Kiribati: the disappearing state under the sea
5 December 2019 | Written by La redazione
Sea level rise caused by global warming could make an entire country disappear under the ocean
Kiribati is one of those places that travel agencies would call an earthly paradise: an atoll in the middle of the Pacific Ocean made of beaches, sea, sun and palm trees. If you are planning to visit it, however, you should not waste time: by the end of the century it probably will no longer exist, a bit like it could happen to many Italian sites. According to estimates, in fact, it will be totally submerged by sea-level rise and its 110 thousand inhabitants will be forced to emigrate.
A stubborn defense. But the inhabitants of Kiribati, unlike other island states like Tuvalu or the Republic of Nauru, do not want to leave their country. If, in fact, the emigration rate from Tuvalu and Nauru touches 19% of the population, for Kiribati this is just 4%, despite the fact that its islands are among the most threatened in the world: already today several areas are cyclically submerged more than was the case in the past due to natural phenomena such as El Niño, the periodic climatic phenomenon that causes a strong warming of the Pacific waters about every five years and therefore floods and other meteorological phenomena of different entity.
Save the savable. To address the consequences of climate change and to try to save their land, the inhabitants of Kiribati have started the Kiribati Adaptation Program, a fund supported by the Global Environment Facility (GEF) from the World Bank and the United Nations Development Program, as well as from Japan. and from Australia, which provides for the creation of countermeasures to reduce the vulnerability of the archipelago to the changing climate. But it may not be enough and, at the current rate, in 80 years Kiribati may no longer exist and its inhabitants will necessarily have to emigrate.

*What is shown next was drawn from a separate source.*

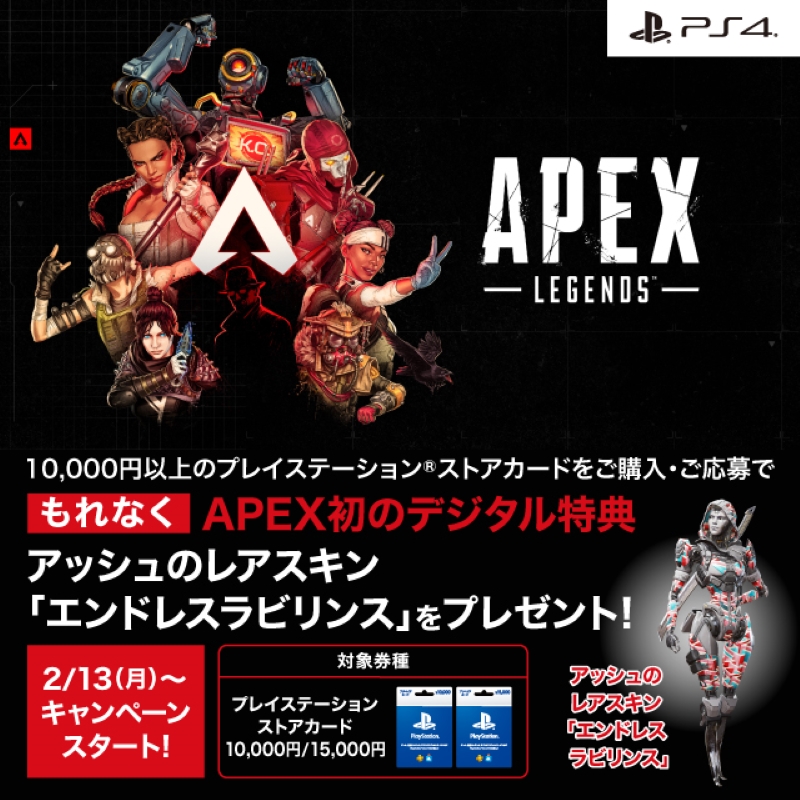 lw_vdpro's tweet photo. 期間中にローソンでプレイステーション ストアカード10,000円券、15,000円券を買うとエーペックスレジェンズ　アッシュのスキン「エンドレスラビリンス」が貰える！ #Apex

Climate migrants. That of Kiribati is not an isolated case: every year, since 2008, about 26 million people are forced to emigrate due to environmental factors linked to climate change or to increasingly violent and common natural disasters. They are the so-called “climatic migrants”, people forced to leave their homes due to drought, desertification, floods and sea-level rise. By the end of the century, if the climate crisis should not be adequately managed, it is estimated that climate migrants could reach a billion.